(Image-caption web data)
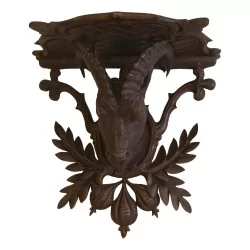 Brienz hanging console with ibex head, in beech …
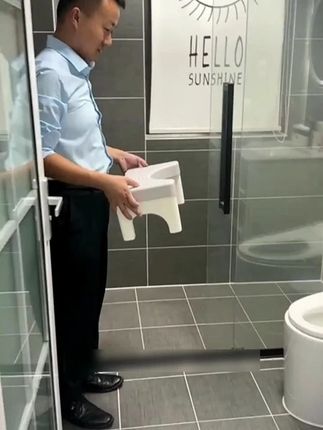 【加厚防滑便携】马桶凳家用厕所蹲坑神器 成人儿童孕妇通用脚踩凳#马桶凳 #家用好物 #防滑神器 #全家通用 #蹲坑帮手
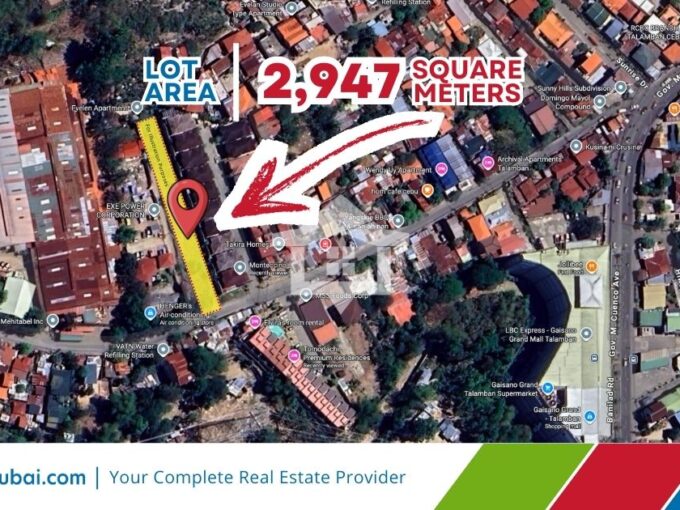 Map of the Vacant Lot For Sale ideal for Housing in Talamban Cebu City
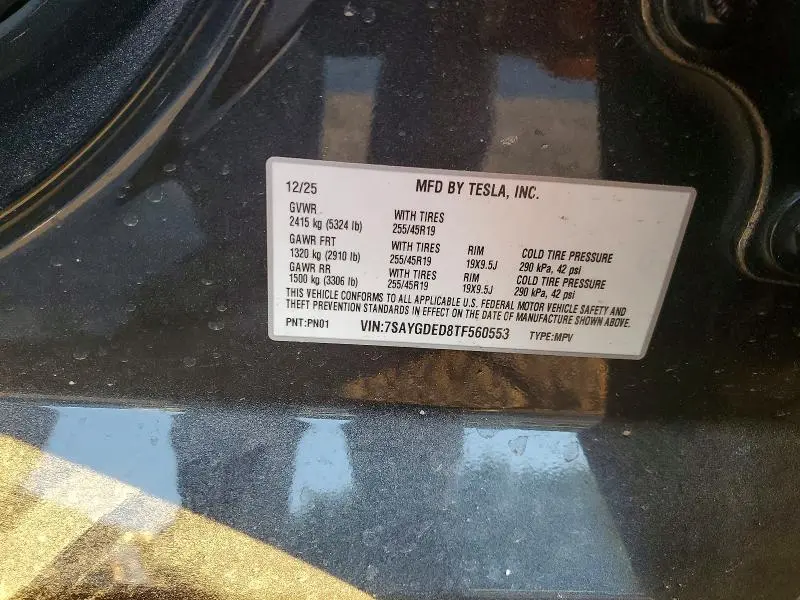 2026 TESLA MODEL Y   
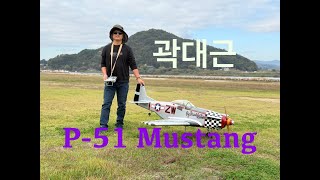 P51 Mustang Topflite OS GT60 곽대근 [upl. by Elumas]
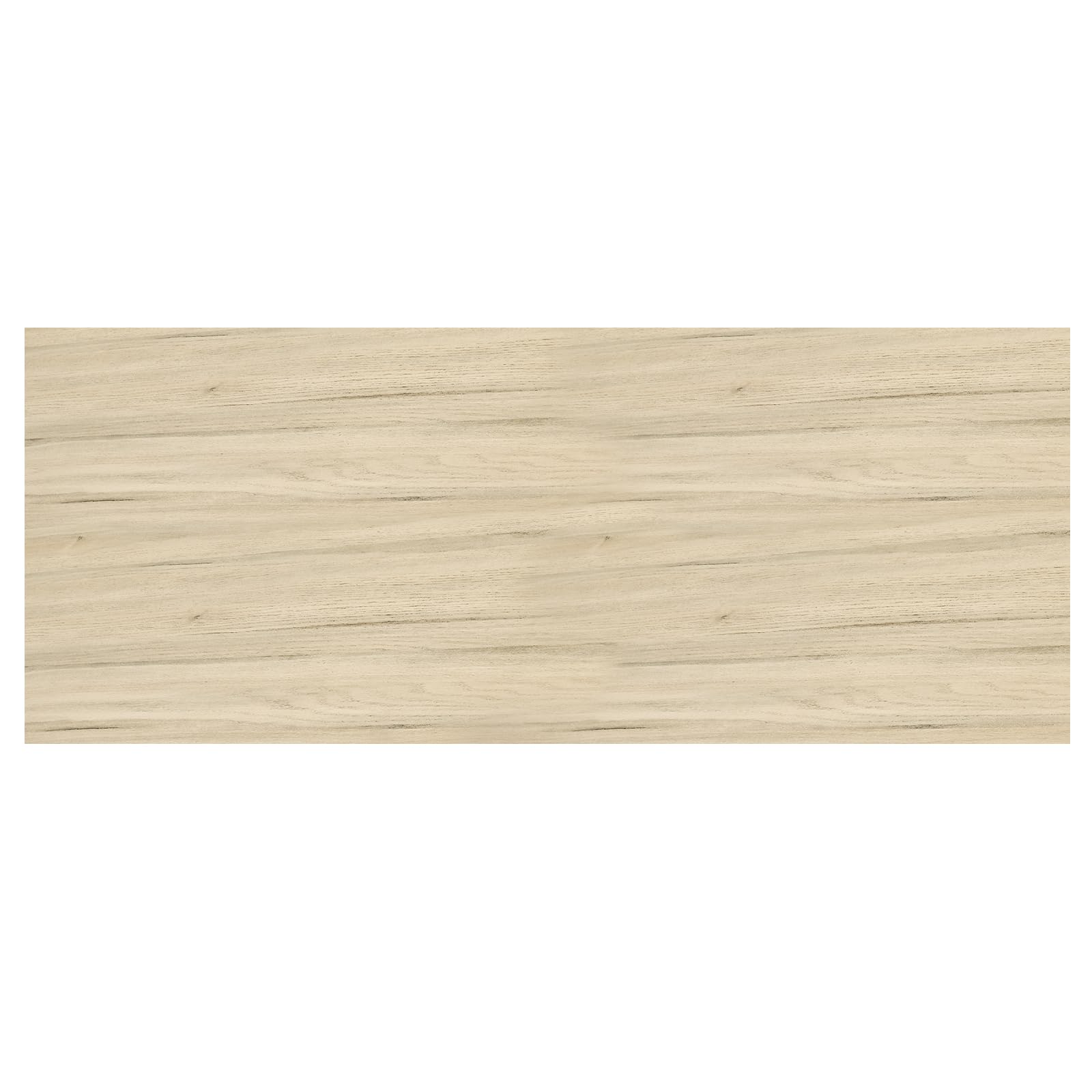 48x18 Inches Solid Wood Tabletop - Light Oak 1 Inch Thick Desktop for Sit Stand Desk, Double Desks, L-Shaped Workstations | DIY Home Office & Commercial Countertop for Workspace & Study Areas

YOUR OBJECTIVE >> Give every record again without changing a word. Exclude the pictures.

WORKED SOLUTION >>
 Brienz hanging console with ibex head, in beech …
 【加厚防滑便携】马桶凳家用厕所蹲坑神器 成人儿童孕妇通用脚踩凳#马桶凳 #家用好物 #防滑神器 #全家通用 #蹲坑帮手
 Map of the Vacant Lot For Sale ideal for Housing in Talamban Cebu City
 2026 TESLA MODEL Y   
 P51 Mustang Topflite OS GT60 곽대근 [upl. by Elumas]
 48x18 Inches Solid Wood Tabletop - Light Oak 1 Inch Thick Desktop for Sit Stand Desk, Double Desks, L-Shaped Workstations | DIY Home Office & Commercial Countertop for Workspace & Study Areas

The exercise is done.